**TASK OBJECTIVE:** The expected answer holds every line from the first line of the data below through the line containing "त्यामुळे ही आत्महत्या", exactly as written, and no other line.

**RECORD SET:**
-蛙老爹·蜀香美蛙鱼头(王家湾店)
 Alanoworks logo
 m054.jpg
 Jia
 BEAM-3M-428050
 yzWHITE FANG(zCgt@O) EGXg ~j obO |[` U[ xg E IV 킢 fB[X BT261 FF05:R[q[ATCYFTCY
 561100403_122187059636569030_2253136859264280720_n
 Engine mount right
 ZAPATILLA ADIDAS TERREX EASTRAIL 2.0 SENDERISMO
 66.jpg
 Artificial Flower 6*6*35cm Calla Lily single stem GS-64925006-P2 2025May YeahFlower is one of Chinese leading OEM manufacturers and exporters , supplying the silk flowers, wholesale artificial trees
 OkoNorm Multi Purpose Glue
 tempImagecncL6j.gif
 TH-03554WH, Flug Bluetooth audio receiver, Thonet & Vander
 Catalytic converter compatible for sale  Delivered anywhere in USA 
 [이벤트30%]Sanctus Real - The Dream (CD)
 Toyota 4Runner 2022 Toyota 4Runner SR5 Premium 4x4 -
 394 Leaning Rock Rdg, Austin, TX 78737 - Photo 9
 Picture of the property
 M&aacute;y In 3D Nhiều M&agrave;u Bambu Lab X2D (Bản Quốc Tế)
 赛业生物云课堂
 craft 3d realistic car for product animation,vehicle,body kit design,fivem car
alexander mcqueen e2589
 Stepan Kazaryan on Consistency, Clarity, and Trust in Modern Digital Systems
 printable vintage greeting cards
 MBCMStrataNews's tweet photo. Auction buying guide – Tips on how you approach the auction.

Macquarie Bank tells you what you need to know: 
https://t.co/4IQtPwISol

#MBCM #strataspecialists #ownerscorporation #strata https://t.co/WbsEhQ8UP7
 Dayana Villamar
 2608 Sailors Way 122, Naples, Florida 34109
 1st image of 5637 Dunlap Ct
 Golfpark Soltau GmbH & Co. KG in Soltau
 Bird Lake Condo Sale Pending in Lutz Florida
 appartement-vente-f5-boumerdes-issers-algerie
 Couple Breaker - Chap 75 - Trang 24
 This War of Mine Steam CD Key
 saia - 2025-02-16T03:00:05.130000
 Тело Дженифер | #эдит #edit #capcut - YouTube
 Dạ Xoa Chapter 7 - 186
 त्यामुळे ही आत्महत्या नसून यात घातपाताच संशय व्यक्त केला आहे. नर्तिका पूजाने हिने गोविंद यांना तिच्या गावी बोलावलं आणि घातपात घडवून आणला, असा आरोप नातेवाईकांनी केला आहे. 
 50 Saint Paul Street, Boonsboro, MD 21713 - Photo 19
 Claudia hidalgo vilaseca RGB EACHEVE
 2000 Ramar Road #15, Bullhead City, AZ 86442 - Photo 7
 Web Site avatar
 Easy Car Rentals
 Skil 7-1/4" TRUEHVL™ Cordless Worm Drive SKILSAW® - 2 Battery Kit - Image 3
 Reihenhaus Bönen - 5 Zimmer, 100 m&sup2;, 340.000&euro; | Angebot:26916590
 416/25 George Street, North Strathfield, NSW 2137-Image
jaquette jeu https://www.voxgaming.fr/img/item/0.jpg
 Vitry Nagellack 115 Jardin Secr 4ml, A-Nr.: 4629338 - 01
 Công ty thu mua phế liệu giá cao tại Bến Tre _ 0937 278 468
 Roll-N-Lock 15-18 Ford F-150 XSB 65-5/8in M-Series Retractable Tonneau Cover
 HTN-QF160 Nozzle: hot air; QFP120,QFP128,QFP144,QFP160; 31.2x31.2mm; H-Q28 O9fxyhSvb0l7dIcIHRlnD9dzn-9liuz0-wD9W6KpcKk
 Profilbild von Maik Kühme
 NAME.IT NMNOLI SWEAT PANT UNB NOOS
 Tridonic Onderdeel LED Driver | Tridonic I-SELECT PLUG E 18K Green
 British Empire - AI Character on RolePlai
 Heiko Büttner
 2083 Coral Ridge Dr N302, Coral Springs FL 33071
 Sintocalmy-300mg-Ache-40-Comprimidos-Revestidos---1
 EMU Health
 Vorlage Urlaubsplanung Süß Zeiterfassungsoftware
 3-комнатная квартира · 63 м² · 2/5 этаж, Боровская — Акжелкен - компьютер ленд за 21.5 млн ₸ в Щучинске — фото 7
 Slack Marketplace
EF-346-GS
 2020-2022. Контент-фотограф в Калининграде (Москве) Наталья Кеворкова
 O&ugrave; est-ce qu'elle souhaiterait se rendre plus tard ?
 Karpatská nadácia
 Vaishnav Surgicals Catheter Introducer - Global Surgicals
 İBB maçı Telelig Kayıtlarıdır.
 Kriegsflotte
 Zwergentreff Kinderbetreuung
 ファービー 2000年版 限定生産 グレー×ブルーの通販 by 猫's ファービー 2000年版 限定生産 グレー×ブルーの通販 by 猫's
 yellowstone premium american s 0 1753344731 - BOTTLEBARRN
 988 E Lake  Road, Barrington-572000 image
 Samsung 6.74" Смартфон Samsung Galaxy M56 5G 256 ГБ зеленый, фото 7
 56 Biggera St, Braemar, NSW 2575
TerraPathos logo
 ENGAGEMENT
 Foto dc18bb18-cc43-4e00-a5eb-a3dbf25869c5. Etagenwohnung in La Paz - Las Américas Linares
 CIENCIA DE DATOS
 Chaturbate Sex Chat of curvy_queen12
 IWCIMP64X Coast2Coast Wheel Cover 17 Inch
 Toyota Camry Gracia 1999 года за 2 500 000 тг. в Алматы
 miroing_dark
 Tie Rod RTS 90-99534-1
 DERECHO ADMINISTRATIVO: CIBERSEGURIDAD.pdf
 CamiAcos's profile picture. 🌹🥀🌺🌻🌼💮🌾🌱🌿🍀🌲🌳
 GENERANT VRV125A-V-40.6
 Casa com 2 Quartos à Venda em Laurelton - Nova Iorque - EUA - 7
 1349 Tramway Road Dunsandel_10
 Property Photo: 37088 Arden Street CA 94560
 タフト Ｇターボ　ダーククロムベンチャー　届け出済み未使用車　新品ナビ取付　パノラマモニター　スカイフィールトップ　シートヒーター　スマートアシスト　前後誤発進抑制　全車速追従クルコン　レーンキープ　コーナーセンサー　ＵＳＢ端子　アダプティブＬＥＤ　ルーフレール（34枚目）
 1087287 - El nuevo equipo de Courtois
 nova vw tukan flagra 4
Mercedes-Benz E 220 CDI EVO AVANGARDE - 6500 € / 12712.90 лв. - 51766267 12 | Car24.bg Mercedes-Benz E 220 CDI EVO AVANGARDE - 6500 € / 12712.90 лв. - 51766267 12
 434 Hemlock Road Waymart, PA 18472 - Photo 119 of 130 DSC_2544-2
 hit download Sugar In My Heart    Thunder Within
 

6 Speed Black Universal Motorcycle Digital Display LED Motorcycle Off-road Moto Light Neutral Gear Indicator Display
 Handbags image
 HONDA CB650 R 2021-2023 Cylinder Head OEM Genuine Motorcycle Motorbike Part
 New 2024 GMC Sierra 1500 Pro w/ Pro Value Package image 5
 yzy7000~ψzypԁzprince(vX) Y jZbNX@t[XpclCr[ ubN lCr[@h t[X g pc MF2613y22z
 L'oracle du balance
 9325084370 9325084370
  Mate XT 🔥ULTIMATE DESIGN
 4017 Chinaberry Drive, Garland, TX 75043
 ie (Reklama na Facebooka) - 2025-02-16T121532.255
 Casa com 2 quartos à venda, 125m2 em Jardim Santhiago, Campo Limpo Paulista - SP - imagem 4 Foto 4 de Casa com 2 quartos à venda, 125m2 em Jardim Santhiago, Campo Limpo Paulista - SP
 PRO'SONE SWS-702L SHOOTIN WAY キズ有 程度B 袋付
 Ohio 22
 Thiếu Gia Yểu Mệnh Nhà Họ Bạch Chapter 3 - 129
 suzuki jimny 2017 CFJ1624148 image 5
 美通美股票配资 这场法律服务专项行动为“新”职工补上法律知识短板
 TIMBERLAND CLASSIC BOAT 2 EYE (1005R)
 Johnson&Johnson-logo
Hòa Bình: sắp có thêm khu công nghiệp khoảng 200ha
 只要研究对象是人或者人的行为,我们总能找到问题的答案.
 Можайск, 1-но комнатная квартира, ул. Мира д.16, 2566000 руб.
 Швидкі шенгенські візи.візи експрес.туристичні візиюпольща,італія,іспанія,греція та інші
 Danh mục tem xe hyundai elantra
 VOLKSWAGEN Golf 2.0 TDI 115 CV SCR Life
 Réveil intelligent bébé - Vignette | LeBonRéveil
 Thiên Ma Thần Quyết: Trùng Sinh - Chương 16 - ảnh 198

**EXERCISE RESULT:**
-蛙老爹·蜀香美蛙鱼头(王家湾店)
 Alanoworks logo
 m054.jpg
 Jia
 BEAM-3M-428050
 yzWHITE FANG(zCgt@O) EGXg ~j obO |[` U[ xg E IV 킢 fB[X BT261 FF05:R[q[ATCYFTCY
 561100403_122187059636569030_2253136859264280720_n
 Engine mount right
 ZAPATILLA ADIDAS TERREX EASTRAIL 2.0 SENDERISMO
 66.jpg
 Artificial Flower 6*6*35cm Calla Lily single stem GS-64925006-P2 2025May YeahFlower is one of Chinese leading OEM manufacturers and exporters , supplying the silk flowers, wholesale artificial trees
 OkoNorm Multi Purpose Glue
 tempImagecncL6j.gif
 TH-03554WH, Flug Bluetooth audio receiver, Thonet & Vander
 Catalytic converter compatible for sale  Delivered anywhere in USA 
 [이벤트30%]Sanctus Real - The Dream (CD)
 Toyota 4Runner 2022 Toyota 4Runner SR5 Premium 4x4 -
 394 Leaning Rock Rdg, Austin, TX 78737 - Photo 9
 Picture of the property
 M&aacute;y In 3D Nhiều M&agrave;u Bambu Lab X2D (Bản Quốc Tế)
 赛业生物云课堂
 craft 3d realistic car for product animation,vehicle,body kit design,fivem car
alexander mcqueen e2589
 Stepan Kazaryan on Consistency, Clarity, and Trust in Modern Digital Systems
 printable vintage greeting cards
 MBCMStrataNews's tweet photo. Auction buying guide – Tips on how you approach the auction.

Macquarie Bank tells you what you need to know: 
https://t.co/4IQtPwISol

#MBCM #strataspecialists #ownerscorporation #strata https://t.co/WbsEhQ8UP7
 Dayana Villamar
 2608 Sailors Way 122, Naples, Florida 34109
 1st image of 5637 Dunlap Ct
 Golfpark Soltau GmbH & Co. KG in Soltau
 Bird Lake Condo Sale Pending in Lutz Florida
 appartement-vente-f5-boumerdes-issers-algerie
 Couple Breaker - Chap 75 - Trang 24
 This War of Mine Steam CD Key
 saia - 2025-02-16T03:00:05.130000
 Тело Дженифер | #эдит #edit #capcut - YouTube
 Dạ Xoa Chapter 7 - 186
 त्यामुळे ही आत्महत्या नसून यात घातपाताच संशय व्यक्त केला आहे. नर्तिका पूजाने हिने गोविंद यांना तिच्या गावी बोलावलं आणि घातपात घडवून आणला, असा आरोप नातेवाईकांनी केला आहे. 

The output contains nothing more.